From excessive gas losses and unrecovered government dues to shady procurement practices, Auditor General of Pakistan’s latest report raised questions on how more than Rs. 82.46 billion slipped through the cracks in a single fiscal year.
AGP Audit Report 2025-26 points out losses from excessive gas losses, delayed recoveries, questionable payments, and procurement irregularities across several state-owned energy companies. The audit identified Unaccounted-for Gas (UFG) losses at Sui Northern Gas Pipelines Limited (SNGPL) and Sui Southern Gas Company (SSGC) as the single largest contributor to the financial impact.
Gas losses exceeding the limits permitted by the Oil and Gas Regulatory Authority (OGRA) resulted in a loss of Rs. 39.43 billion, making it the most significant irregularity highlighted in the report.

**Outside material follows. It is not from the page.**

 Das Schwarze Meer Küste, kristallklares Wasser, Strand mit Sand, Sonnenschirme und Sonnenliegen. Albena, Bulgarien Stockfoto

The report pointed to Rs14.06 billion in unrealised wellhead value, royalties, and late payment surcharges that remain outstanding from exploration and production companies. In addition, the audit found Rs. 5.04 billion in unrecovered non-tax government receipts.
Pakistan Mineral Development Corporation (PMDC) was reported to have suffered Rs. 4.66 billion in revenue losses after coal mining contracts continued under expired and non-competitive agreements instead of being awarded through fresh bidding.

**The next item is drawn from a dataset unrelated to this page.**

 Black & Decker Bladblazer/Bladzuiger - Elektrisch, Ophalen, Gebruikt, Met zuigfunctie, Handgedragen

AGP further noted that Rs3.23 billion in funds withheld under the Benazir Employees’ Stock Option Scheme (BESOS), along with unclaimed dividends, had not been deposited into the Federal Consolidated Fund as required. Another finding involved Pakistan Petroleum Limited (PPL), where the audit identified Rs. 3 billion in unrecovered take-or-pay revenue.
The report highlighted multiple irregularities involving Oil and Gas Development Company Limited (OGDCL). These included an unauthorized Rs. 5.19 billion signature bonus, a Rs. 3.81 billion refund of liquidated damages to a contractor, and procurements worth Rs. 347.9 million that were processed against fake bank guarantees.
Beyond financial irregularities, AGP questioned the diversion of Regasified Liquefied Natural Gas (RLNG) to domestic and commercial consumers during the summer despite the availability of sufficient indigenous gas. According to the audit, the subsidy cost created by this decision was incorporated into public gas tariffs, ultimately increasing fixed charges for consumers.